Angola conta uma história de muita luta e sofrimentos desde os tempos mais remotos. De lá saíram, já no século XVI ― início da colonização portuguesa ― milhões de pessoas para a desgraça da escravidão. Obtida a independência política em 1975, após 26 anos de intensas lutas, Angola mergulhou em sangrenta guerra civil, só encerrada em 2002 com a morte de Jonas Savimbi.
Hoje, buscando sua reconstrução, o país é um imenso canteiro de obras, e precisa de tudo o que se possa imaginar. Empresas brasileiras se encontram atuando em vários setores. De modo especial, na área da construção civil. Nossos artistas também são muito requisitados. Na “Casa 70” (onde tivemos um excelente jantar) anunciavam-se shows de Alcione, Emílio Santiago e Paulo Flores, enquanto no Rodeio eram esperados Roberta Miranda e Mato Grosso e Mathias!
Nossa equipe chegou no mesmo dia em que o Presidente da França despejava lá sua comitiva de cerca de 200 empresários e mais de 50 jornalistas, aumentando o tumulto da cidade. Ele ficou cerca de 12 horas no país e firmou vários acordos. Segundo o Semanário Angolano: “Os empresários franceses que acompanharam Nicolas Sakozy representavam ramos tão diversos como a indústria petrolífera, banca, aeronáutica, produção de equipamentos e construção civil”... “Angola assinou também com os franceses acordo nos domínios da Educação, Saúde Pública e Ensino Superior.”

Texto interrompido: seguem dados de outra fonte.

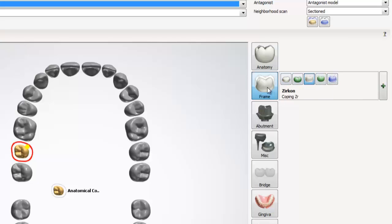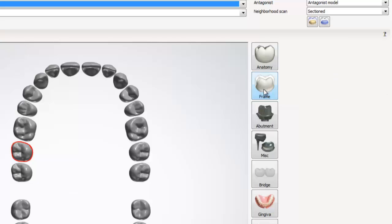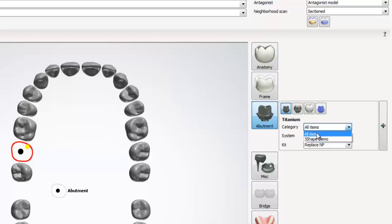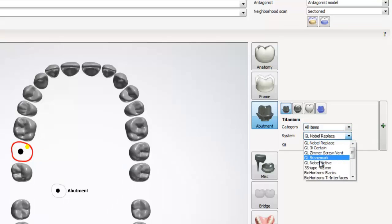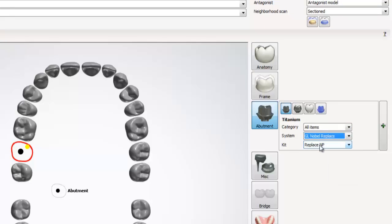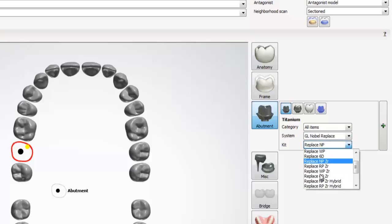The menu after frame is called abutment. Within abutment, we can select from a submenu of options. The first option is titanium, and is the default option. Within titanium, we can specify what system and kit we are using in the drop down boxes provided. The rest of the options within abutment work practically the same way. So I'm not going to cover them today.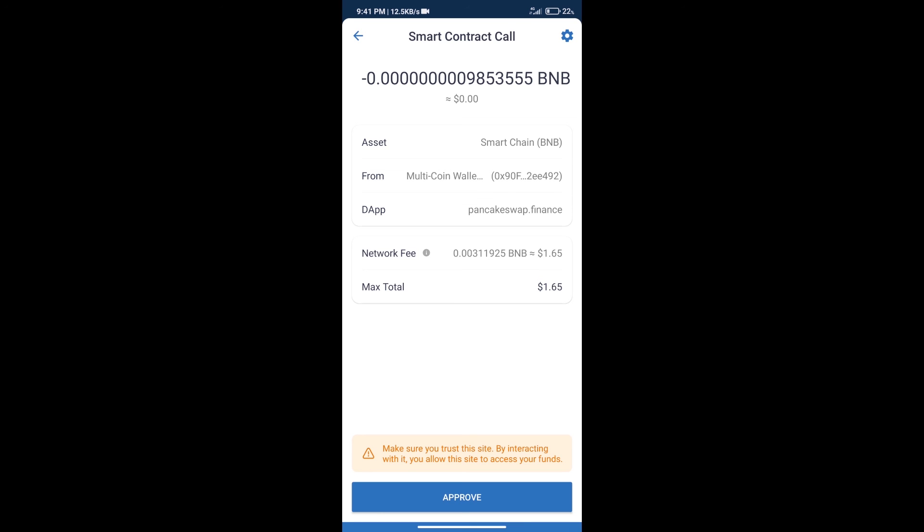And finally we will get this token successfully. So guys, I have only shared technical process, not financial advice. Invest in cryptocurrency at your own risk. Thanks for watching.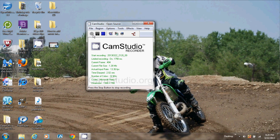Hey, this is Brat Blitz Two-Stroats. Welcome back to another tutorial. Today I'll be showing you how to add music into your videos with Adobe Premiere Elements 10. So let's begin.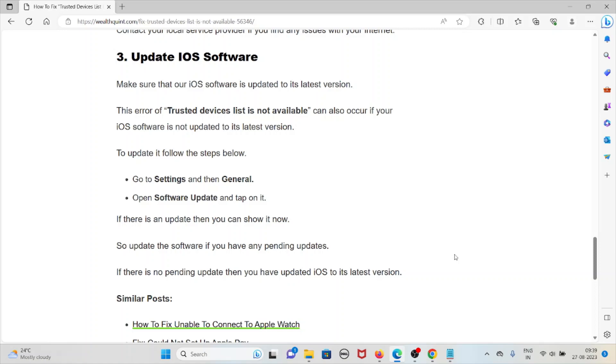To update it follow these simple steps: go to Settings and then General, open Software Update and then tap on it. If there's an update then you can show it now. Also update the software if you have any pending updates.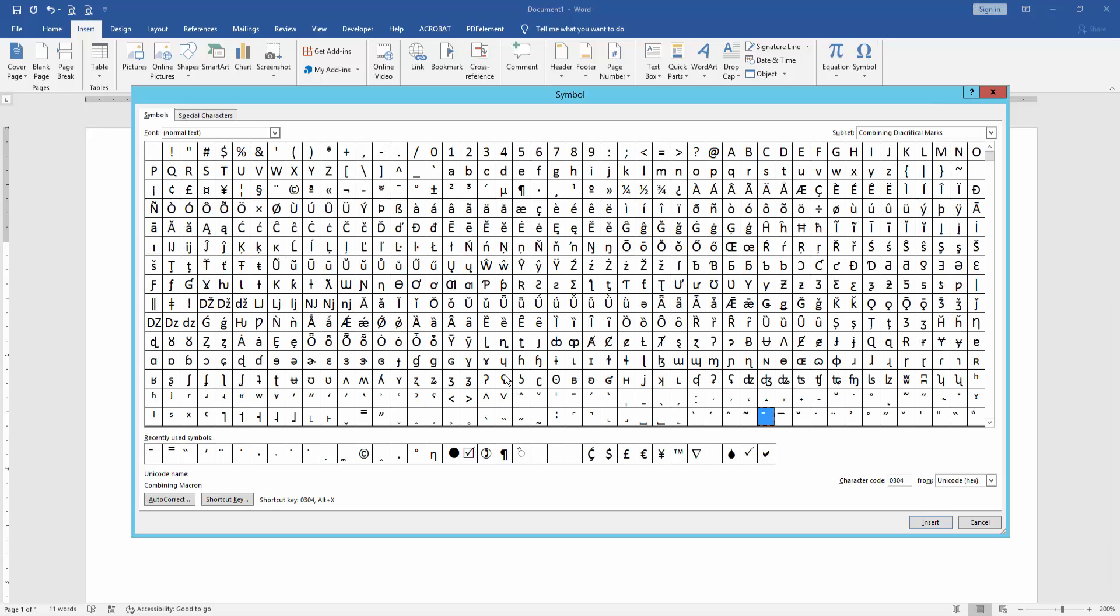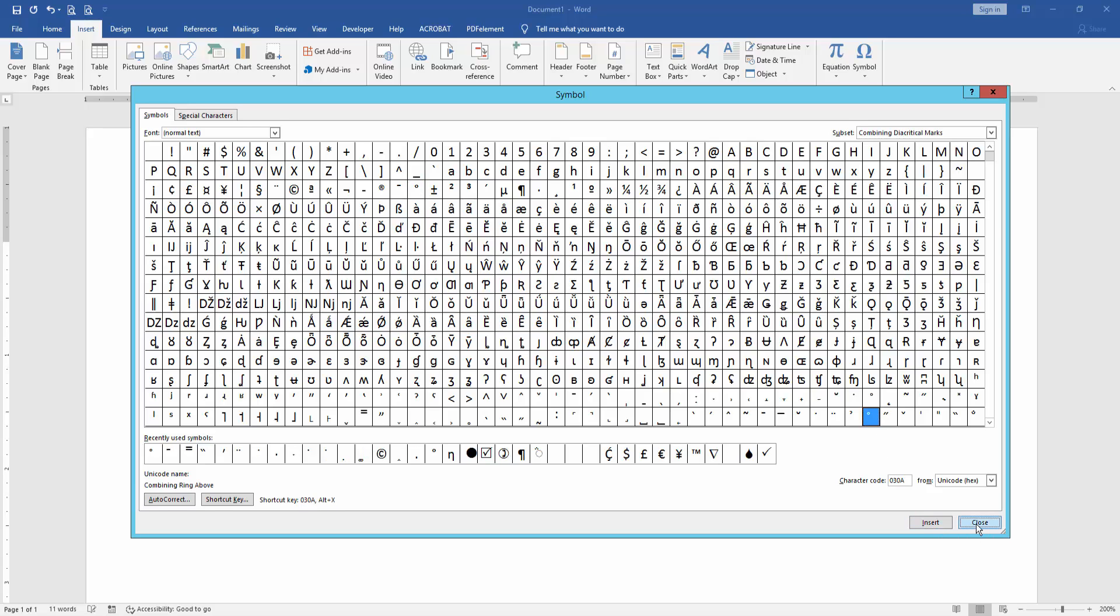We can see here many symbols. We select a circle symbol in top. Then, insert it.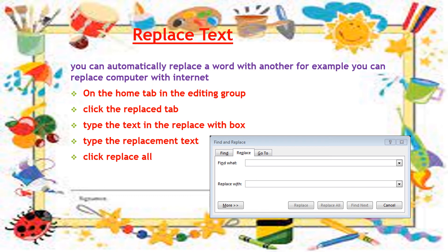A dialog box opens and we type the replacement text. Then click Replace All to replace every instance, or click the Replace button to replace one at a time.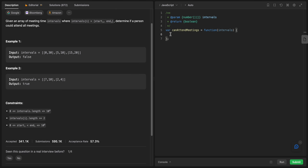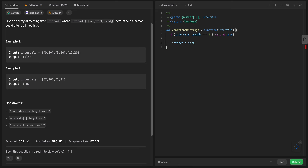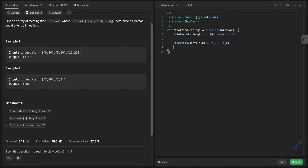First I'll put some base cases. I'll say if intervals.length equals zero, return true, because if we don't have any intervals that means we can attend all meetings. After that, as we said, we sort: intervals.sort with a comparator function taking a and b, sorting based on the first element, so it will be a[0] minus b[0]. By this way we've sorted the array.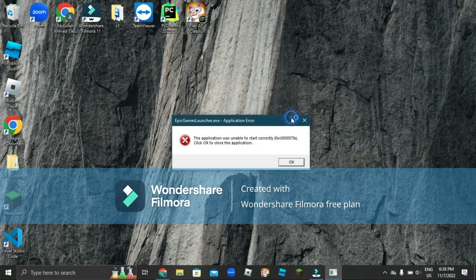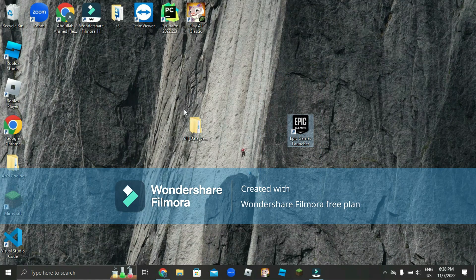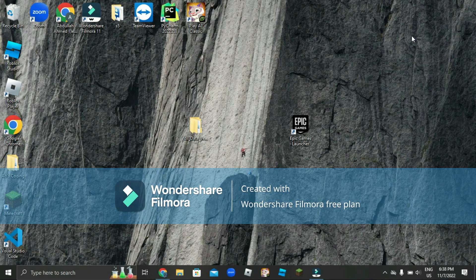Fix error 0xc00007b on Epic Games or any other app. The first thing you want to do is make sure you have DirectX installed. Then you're going to want to download the media file and then continue with this tutorial.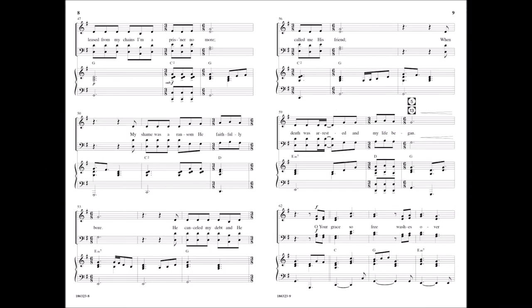Released from my chains, I'm a prisoner no more. My shame was a ransom He faithfully bore. He canceled my debt and He called me His friend when death was arrested and my life began.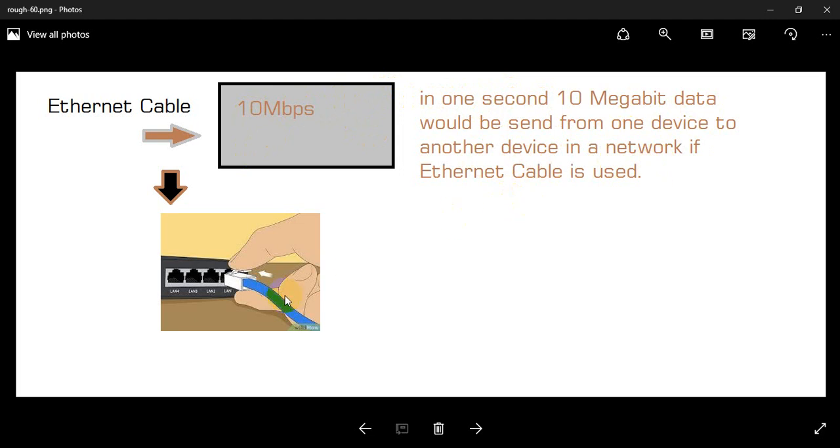Maximum bandwidth can be used because this Ethernet Cable supports 10 Mbps data. So 10 Mbps can be used from one device to another device in the network.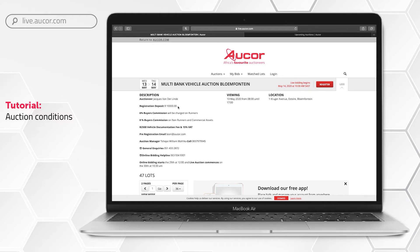Deposit: as an indication of your commitment, the auction or call requires a registration deposit and the amount will be indicated here. Upon registration, the banking details for the payment of this deposit will be communicated to you. If you don't purchase anything during the auction, the deposit will be refunded in full. The finance team will contact you for your banking details.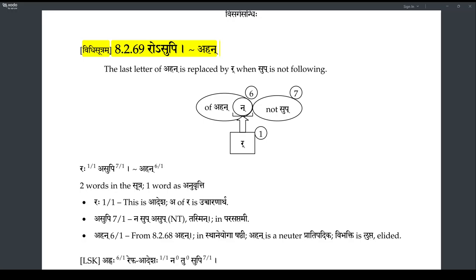The next Visarga Sandhi sutra is Rosupi, and the Anurthi of Ahan Shabda is applicable only to Ahan Shabda here. So Repha is the Adesha for Ahan. The Adesha generally applies to the last letter — it's a Vidhi Sutra.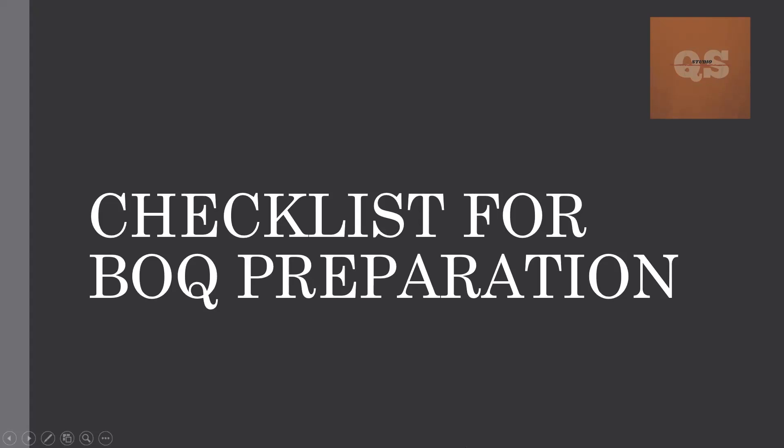Hi, welcome to the Quantity Surveying Studio. Today's video is about checklist for BOQ preparation. This video is going to be helpful for all quantity surveyors who are into pre-contracts, who are doing freelance works or full-time work or part-time work.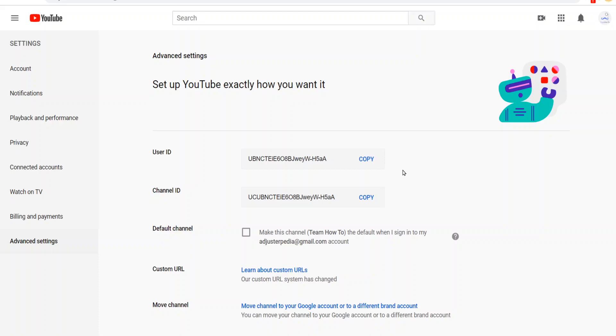Alright, if you guys found this video helpful, don't forget to like and subscribe if you'd like more content like this.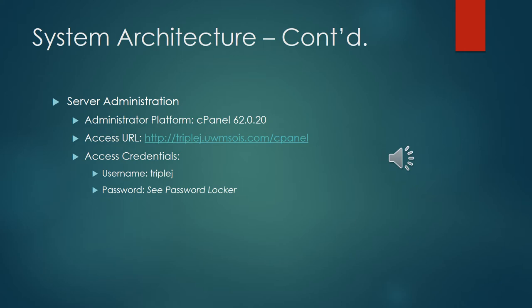And the last part of the system architecture is the server administration. We have a URL to the site here and some credentials listed. We obviously didn't put the password that will be stored in the password locker and the documentation you'll receive at the end of the project.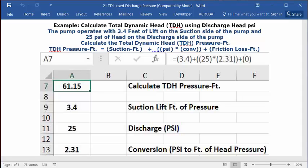And in the address bar you can type in this formula. Equals sign open parentheses 3.4 closed parentheses plus sign open parentheses 25 closed parentheses multiplication key open parentheses 2.31 closed parentheses plus sign open parentheses 0 closed parentheses and then press enter.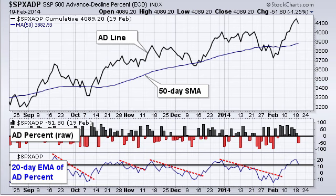So that's basically a breadth indicator that shows you the degree of participation. If you get an advance and AD percent is at plus 70% or higher, that shows broad participation. If AD percent hits plus 10% or something low like that, it shows a narrow advance — narrow participation. There are three indicators I like to use based on AD percent.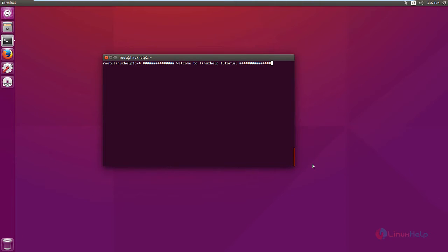Welcome to Linux Help Tutorial. I am going to explain how to install KDE Plasma Media Center 4 in Ubuntu 15.10.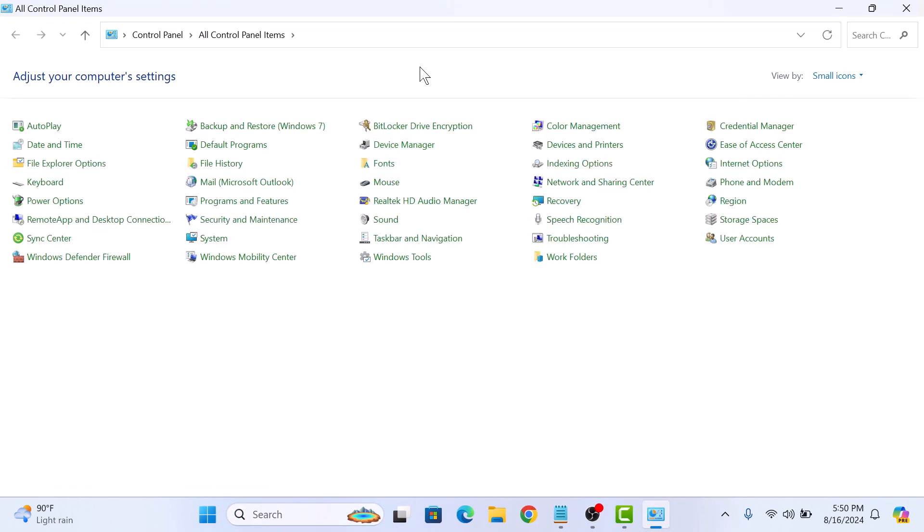In the control panel window, make sure view by is either set to small icons or large icons. Now click on power options.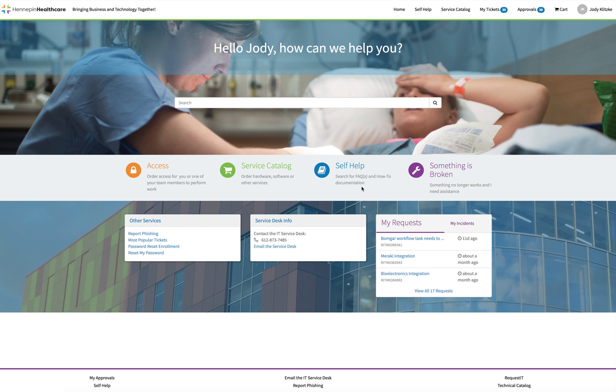Self-help. This will allow you to search for facts and how-to documentation to assist with your computer issue. Keep in mind that self-help is continuously being updated with new information to help you with your problem. Please always check back for new information.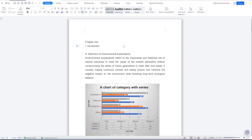Welcome back. In this class, we're going to look at how to insert a table of contents within your document in WPS Office Suite.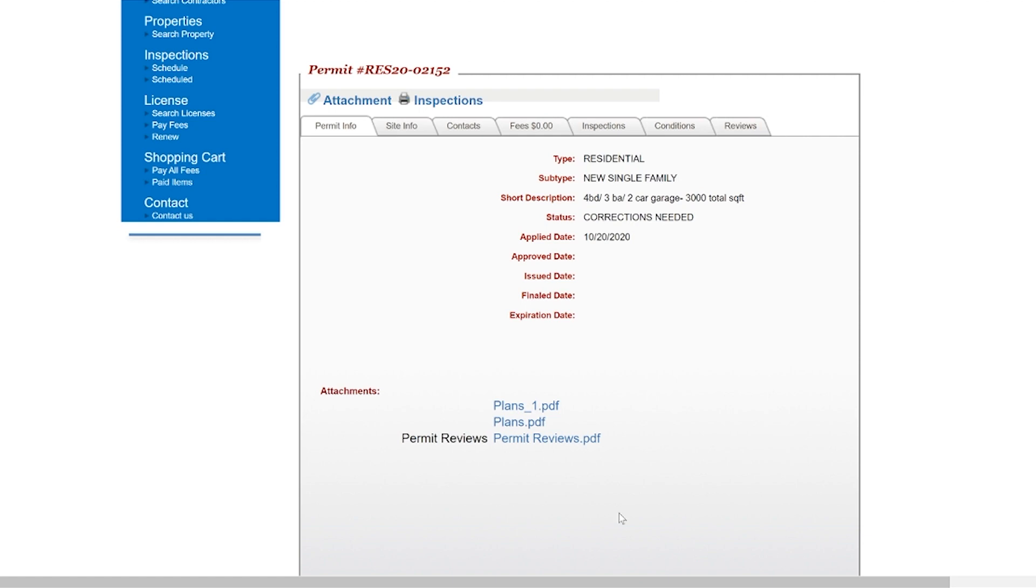Once staff members receive the upload notification, your application will resume the permitting process.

E é aí que a coisa pega. O Brasil está muito mais próximo de Angola do que a França. Não só no que tange à distância geográfica, mas também quanto à proximidade étnica, cultural, emocional, sociológica e até histórica! Em 1648, mesmo ano de nossa primeira Batalha de Guararapes, o  luso-brasileiro Salvador Correia de Sá, à frente de um expedição de 15 navios e 2000 homens, expulsou os holandeses que pretendiam tomar Angola! Temos a mesma língua e os mesmos hábitos e tradições. Por outro lado, o povo angolano adora o Brasil e os brasileiros, a quem recebe de braços e corações abertos! Por que então esses acordos com os franceses ― de língua, hábitos e tradições tão diferentes ― e não conosco? Não tem o Brasil condições de atendê-los em sua demanda em todos os segmentos dos acordos firmados com uma nação francófila, quando poderia ser com a nossa, lusófona?  A mim me parece que “dormimos no ponto”! Mas ainda há tempo para despertar!.